Khosla, a co-founder of the pioneering tech company Sun Microsystems, bought about 89 acres of coastal land next to the beach in 2008.

Two years later he posted “do not enter” signs, hired security and shut the gate to the beach road that the property’s previous owners had let ocean lovers use for almost a century.

A panel of the state 1st District Court of Appeal did not rule on whether the public has a right to Martins Beach access, saying that issue would be determined in a separate case.

But in its 3-0 decision, the panel did reject the argument by Khosla’s attorneys that the lower court’s order had amounted to an unconstitutional taking.

In the lawsuit filed by the Surfrider Foundation, the San Mateo County Superior Court had said Khosla must apply to the California Coastal Commission for a development permit before closing the road. The court also issued an injunction requiring Khosla to maintain the same level of public access that existed when he bought the property.

The appeals panel affirmed both provisions.

“In the present case, the claimed taking is not an interpretation of property law. It is an injunction designed to enforce the permit requirements of the Coastal Act,” the panel said.

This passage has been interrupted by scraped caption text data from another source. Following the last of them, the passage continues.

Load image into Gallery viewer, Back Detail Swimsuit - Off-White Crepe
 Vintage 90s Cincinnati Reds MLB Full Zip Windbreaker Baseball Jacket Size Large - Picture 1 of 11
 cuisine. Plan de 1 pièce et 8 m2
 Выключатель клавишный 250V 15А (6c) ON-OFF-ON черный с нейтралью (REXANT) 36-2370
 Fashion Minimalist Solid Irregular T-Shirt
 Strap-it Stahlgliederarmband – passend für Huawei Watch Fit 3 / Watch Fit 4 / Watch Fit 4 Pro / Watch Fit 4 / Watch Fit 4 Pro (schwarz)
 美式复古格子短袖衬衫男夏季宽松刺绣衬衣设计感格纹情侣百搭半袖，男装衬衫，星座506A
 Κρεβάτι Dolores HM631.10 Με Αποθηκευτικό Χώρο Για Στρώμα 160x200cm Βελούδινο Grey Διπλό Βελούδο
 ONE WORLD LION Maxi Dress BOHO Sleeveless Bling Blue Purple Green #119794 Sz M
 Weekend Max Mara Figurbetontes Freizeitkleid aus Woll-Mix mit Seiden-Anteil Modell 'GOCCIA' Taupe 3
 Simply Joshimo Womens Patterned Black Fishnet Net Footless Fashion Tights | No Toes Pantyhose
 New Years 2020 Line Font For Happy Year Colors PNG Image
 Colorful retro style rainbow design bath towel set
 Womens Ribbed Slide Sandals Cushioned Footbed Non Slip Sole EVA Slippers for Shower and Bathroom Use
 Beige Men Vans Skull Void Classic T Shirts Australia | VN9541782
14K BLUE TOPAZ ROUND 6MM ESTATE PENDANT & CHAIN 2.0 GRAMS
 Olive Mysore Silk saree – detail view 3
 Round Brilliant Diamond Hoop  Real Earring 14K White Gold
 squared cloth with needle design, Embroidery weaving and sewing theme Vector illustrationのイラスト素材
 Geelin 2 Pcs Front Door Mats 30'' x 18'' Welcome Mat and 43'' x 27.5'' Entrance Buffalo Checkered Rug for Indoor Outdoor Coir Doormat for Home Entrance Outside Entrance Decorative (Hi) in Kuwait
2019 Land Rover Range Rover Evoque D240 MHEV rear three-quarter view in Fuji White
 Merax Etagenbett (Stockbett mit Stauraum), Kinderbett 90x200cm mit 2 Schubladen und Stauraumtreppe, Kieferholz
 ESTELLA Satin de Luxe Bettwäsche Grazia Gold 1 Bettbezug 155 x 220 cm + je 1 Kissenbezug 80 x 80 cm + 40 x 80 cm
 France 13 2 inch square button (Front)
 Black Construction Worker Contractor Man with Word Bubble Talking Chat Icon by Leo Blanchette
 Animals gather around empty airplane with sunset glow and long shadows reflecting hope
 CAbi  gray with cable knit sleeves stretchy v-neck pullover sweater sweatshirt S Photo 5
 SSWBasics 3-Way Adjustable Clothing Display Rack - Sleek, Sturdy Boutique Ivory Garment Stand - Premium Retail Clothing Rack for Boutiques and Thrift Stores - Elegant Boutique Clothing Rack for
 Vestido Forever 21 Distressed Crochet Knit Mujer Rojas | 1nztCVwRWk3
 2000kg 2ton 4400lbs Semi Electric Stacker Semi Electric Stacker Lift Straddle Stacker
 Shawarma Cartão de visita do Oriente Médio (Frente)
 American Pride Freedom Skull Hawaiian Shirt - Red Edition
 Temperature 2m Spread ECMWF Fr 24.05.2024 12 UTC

“There is a still a long road ahead, but we are encouraged by this decision,” Jack Ainsworth, the Coastal Commission’s executive director, said in a statement.

“We are hopeful that the day will come when the locks are cut off the gates and public can once again walk across the sand at Martins Beach and go for a swim,” he said.

Khosla’s attorneys could not be reached for comment.

In a statement, Surfrider’s attorneys said they expected Khosla to take the case all the way to the U.S. Supreme Court.